NEW YORK - A new coalition of U.S.-based rights groups says it plans to spend over $1 billion on projects to help women fight poverty in many parts of the world.
With the help of Religions for Peace, a faith-based umbrella organization, Sharma Fox's group intends to reach out to millions of poor women across the world who have no access to basic health care or education.
"There's something for everybody in this coalition," said Dr. William Vendley, secretary general of Religions for Peace, who thinks the unusual cooperation between secular and faith-based groups is a must to end poverty.
At a meeting held over the weekend, leaders of the new coalition, called the Women, Faith, and Development Alliance (WFDA), said they expected that at least 1 billion women in dozens of countries will benefit from their campaign.
The coalition's announcement coincided with the World Bank and International Monetary Fund (IMF) annual meeting, which officially acknowledged the fact that millions of the world's poor are being hit hard by soaring food prices.
On Sunday, World Bank head Robert Zoellick warned that at least 100 million people could be pushed deeper into poverty by the price hikes.
WFDA said its plan would focus on women because under the given situation they are the ones who suffer the most from economic hardship.
About 70 percent of the world's poor are women, according to InterAction, a network of humanitarian groups whose research shows women own only 1 percent of the world's titled land.
Researchers say two thirds of the world's people who do not know how to read or write also happen to be women. Illiteracy becomes a major cause of deprivation of their due human rights.
The coalition leaders said they would try to address all the issues that are linked to undermining women's human rights, which include their economic, social, civil, political, and reproductive rights.
"We have not seen such initiatives in the past," said Women Thrive's Sharma Fox. "In the past, there were attempts, but those were scattered attempts."
The new initiative has been in the works for more than two years, Religions for Peace's Vendley told OneWorld. Vendley hopes the alliance will prove a catalyst for change in many parts of the world where religious ideas are part and parcel of poor women's daily life.
The coalition, comprising more than 70 organizations, took the responsibility for raising funds for antipoverty programs because they were left with little hope that U.S. policies would be amended to commit the necessary funding to key aspects of the problems.
UN research points out that nearly 40 million people in the world are living with HIV, most of whom happen to be women in their 20s and 30s.

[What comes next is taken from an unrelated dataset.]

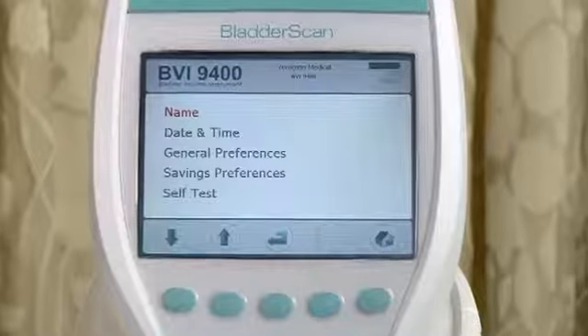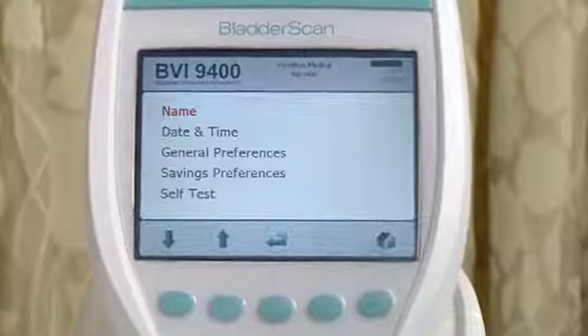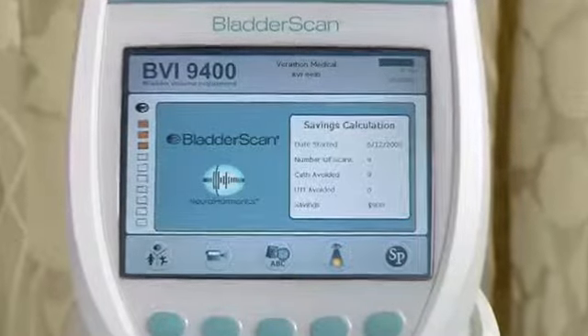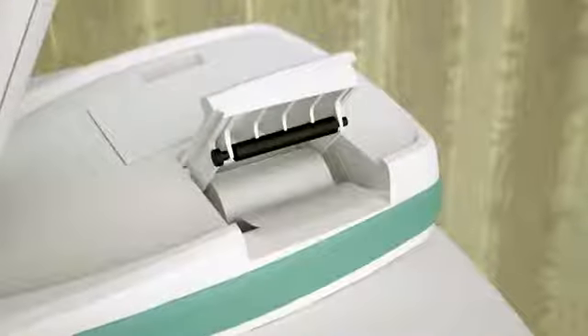Also, before using the bladder scan, personalize the instrument with the name of your practice and the correct time and date, as this information will be shown on all printouts. Check to make sure the battery is charged and there is enough paper in the printer before you start to scan a patient.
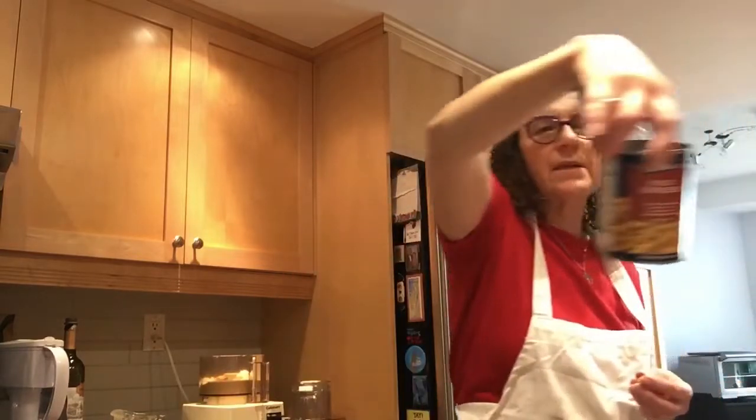You can use one 19-ounce can of chickpeas — 19 ounces or 540 milliliters — which is equivalent to about two cups, since one cup of dry chickpeas equals about two cups cooked. A tip I'll give you: if you want super creamy hummus, you can slip the skins off your chickpeas. The chickpeas come out of the can like this, and you may not even know there's a skin on them. The skin slips off really easily. See, here's the skin, here's the chickpea. If you remove the skins, your hummus is going to be extra creamy.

At a summit held in New York in 2001, world leaders pledged to adopt an ambitious agenda known as the Millennium Development Goals, which includes drastic cuts in poverty and reversing the spread of HIV by 2015.
However, current U.S. policy requires that 33 percent of all HIV prevention funding be earmarked for abstinence and fidelity programs. Condoms may be recommended for high-risk groups, but not for sexually active people in general.
Both researchers and activists hold that the U.S. policy is partially responsible for the overall increase in the rate of HIV infection because in many areas prevention programs are not adequately reaching out to those at risk.
UNAIDS says prevention efforts are reaching fewer than 20 percent of people in dire need. WFDA hopes to change that.
The coalition has drawn a great deal of support from some of the world's most prominent figures, such as South African spiritual leader Desmond Tutu, former U.S. Secretary State of Madeleine Albright, as well as some of the top UN development officials.
"New energy and solutions are needed to empower women and end poverty," said Archbishop Tutu in a statement, urging the faith leaders to join others "to press for more resources and address the deep injustice of extreme poverty borne so heavily from women."
The new alliance said the sum of $1.4 billion in donations has been committed by a wide range of sources, including the UN Population Fund and the International Rescue Committee.